Activity
Starting with the line that contains "2018 Ford F-250" and stopping after the line that contains "Fotografie autoškoly Autoškola", copy the entries below exactly. Include nothing else.

+-------+

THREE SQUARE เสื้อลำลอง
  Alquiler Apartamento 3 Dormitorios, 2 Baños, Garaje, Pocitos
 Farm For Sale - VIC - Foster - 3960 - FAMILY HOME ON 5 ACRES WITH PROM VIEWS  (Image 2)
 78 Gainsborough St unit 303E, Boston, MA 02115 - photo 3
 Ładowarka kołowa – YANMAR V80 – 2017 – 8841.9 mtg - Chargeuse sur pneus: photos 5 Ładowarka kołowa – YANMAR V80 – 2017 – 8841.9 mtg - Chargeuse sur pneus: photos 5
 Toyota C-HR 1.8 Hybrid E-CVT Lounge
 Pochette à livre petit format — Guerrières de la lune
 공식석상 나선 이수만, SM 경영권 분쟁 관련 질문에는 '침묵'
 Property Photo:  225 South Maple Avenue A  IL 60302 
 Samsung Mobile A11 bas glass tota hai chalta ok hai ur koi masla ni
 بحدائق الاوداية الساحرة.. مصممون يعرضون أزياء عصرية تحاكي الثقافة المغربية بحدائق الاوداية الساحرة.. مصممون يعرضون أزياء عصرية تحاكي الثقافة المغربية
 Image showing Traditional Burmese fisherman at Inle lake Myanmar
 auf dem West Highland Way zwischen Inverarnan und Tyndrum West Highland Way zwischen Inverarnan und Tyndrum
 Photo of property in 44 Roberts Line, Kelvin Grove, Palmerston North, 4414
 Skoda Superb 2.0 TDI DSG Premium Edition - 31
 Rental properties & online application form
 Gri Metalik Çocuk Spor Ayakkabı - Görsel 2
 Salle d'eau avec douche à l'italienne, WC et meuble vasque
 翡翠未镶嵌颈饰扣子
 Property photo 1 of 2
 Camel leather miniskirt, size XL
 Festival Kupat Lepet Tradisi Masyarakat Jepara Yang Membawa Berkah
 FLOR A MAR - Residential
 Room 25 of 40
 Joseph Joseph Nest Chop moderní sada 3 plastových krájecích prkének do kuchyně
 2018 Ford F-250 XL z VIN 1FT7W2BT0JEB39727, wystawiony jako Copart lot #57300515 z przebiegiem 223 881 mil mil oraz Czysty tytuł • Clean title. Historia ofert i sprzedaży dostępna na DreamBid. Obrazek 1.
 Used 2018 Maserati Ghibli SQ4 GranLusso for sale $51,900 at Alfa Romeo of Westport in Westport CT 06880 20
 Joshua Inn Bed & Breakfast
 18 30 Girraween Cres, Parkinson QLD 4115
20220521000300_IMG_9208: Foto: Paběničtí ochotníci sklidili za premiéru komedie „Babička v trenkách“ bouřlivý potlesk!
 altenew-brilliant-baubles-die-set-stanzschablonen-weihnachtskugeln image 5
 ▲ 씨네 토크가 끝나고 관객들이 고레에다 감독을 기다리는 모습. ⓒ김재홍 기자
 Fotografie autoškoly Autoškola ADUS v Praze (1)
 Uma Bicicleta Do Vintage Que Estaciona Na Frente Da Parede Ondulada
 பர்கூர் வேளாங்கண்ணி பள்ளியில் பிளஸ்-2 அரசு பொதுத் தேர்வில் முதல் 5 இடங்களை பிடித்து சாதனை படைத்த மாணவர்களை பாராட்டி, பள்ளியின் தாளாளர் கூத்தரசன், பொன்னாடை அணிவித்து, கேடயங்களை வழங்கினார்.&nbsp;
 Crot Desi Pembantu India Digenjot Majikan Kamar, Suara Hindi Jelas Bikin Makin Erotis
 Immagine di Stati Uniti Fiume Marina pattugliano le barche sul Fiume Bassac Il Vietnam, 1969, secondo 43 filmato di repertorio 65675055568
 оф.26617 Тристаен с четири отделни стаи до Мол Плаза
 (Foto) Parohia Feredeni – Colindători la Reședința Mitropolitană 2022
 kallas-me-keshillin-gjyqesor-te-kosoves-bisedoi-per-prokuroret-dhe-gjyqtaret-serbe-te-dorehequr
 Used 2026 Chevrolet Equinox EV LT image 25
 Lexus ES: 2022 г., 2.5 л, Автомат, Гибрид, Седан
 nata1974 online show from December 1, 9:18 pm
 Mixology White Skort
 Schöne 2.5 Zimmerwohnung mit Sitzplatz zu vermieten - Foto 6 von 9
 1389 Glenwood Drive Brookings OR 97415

+-------+

Written response
 2018 Ford F-250 XL z VIN 1FT7W2BT0JEB39727, wystawiony jako Copart lot #57300515 z przebiegiem 223 881 mil mil oraz Czysty tytuł • Clean title. Historia ofert i sprzedaży dostępna na DreamBid. Obrazek 1.
 Used 2018 Maserati Ghibli SQ4 GranLusso for sale $51,900 at Alfa Romeo of Westport in Westport CT 06880 20
 Joshua Inn Bed & Breakfast
 18 30 Girraween Cres, Parkinson QLD 4115
20220521000300_IMG_9208: Foto: Paběničtí ochotníci sklidili za premiéru komedie „Babička v trenkách“ bouřlivý potlesk!
 altenew-brilliant-baubles-die-set-stanzschablonen-weihnachtskugeln image 5
 ▲ 씨네 토크가 끝나고 관객들이 고레에다 감독을 기다리는 모습. ⓒ김재홍 기자
 Fotografie autoškoly Autoškola ADUS v Praze (1)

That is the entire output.